Time-saving measures
Rivers' groundbreaking experiments were cumbersome and time consuming, requiring multiple injections (up to 85 per animal) over a period of a year. Elvin Kabat (Columbia University) later fast-tracked the disease process by combining brain extracts with the adjuvant recently developed by Jules Freund. This combination induced disease after only a single injection (6). Another important finding made by Kabat's group and also by Isabel Morgan (Johns Hopkins University) was that disease could be reproduced using brain extracts from genetically homologous monkeys—the first indication that an autoimmune process was at work (6, 7).

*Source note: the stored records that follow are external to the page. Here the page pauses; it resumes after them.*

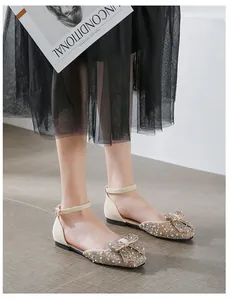 Detailed view of elegant square toe flats adorned with rhinestones and a delicate bow.
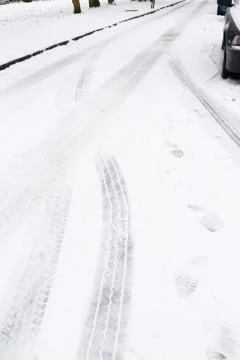 Tyre tracks in snow Stock Photos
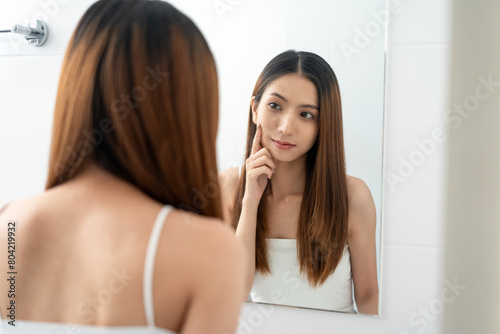 Self confident women look in the mirror brush up their hair and admire their body. Young asian beautiful woman who takes care of herself well. Check facial skin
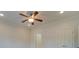 Spacious bedroom with ceiling fan and neutral wall colors at 15334 S Birkdale Commons Pkwy, Huntersville, NC 28078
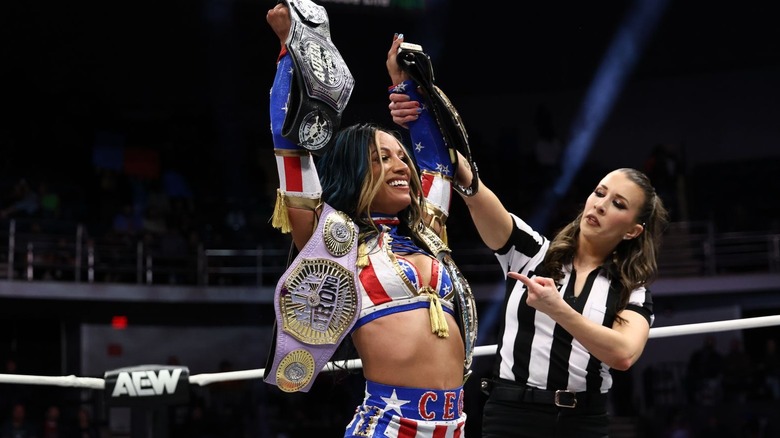 Mercedes Moné in the ring with her belts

Demyelination in the parietal lobe of a Rhesus macaque. Image reproduced from Rivers et al. (3).

Deciphering mechanisms
Kabat—who was probably the first to note the similarities between EAE and MS—had speculated that antibodies specific for the injected brain material were to blame for the disease. Over a decade later, however, T cells emerged as the primary instigators of EAE. The transfer of spleen cells, but not antibody, triggered the CNS disease in rats (8), and removal of the thymus from newborn rats prevented the development of EAE later in life (9). Thanks to decades of research conducted by an impressive cast of characters (for review see reference 10), the pathology of EAE is now known to involve multiple aspects of the immune response including CD4⁺ T cells, antibodies, complement, and chemokines.

EAE branches out
Many versions of the EAE model now exist, which vary both in the strategies used to evoke disease and in the resulting pathology. Critics of the EAE model question whether this animal model is truly reflective of human MS, as many EAE models trigger a specific acute syndrome, whereas most human disease involves cycles of relapse and remission. Vijay Kuchroo (Harvard University) defends the EAE model, pointing out that "each model recapitulates a small piece of the human disease," and has provided valuable insights into the human disease. Lawrence Steinman (Stanford University) seconds Kuchroo's sentiments, adding, "To say that EAE has little to do with MS would be to ignore that two approved treatments for MS [Copaxone and Tysabri] were developed as a result of experiments in the EAE model."

The EAE model has also shaped the modern day evaluation of vaccines by contributing to the understanding of how a vaccine, independent of the organism it is intended to generate immunity against, can sometimes have devastating side effects.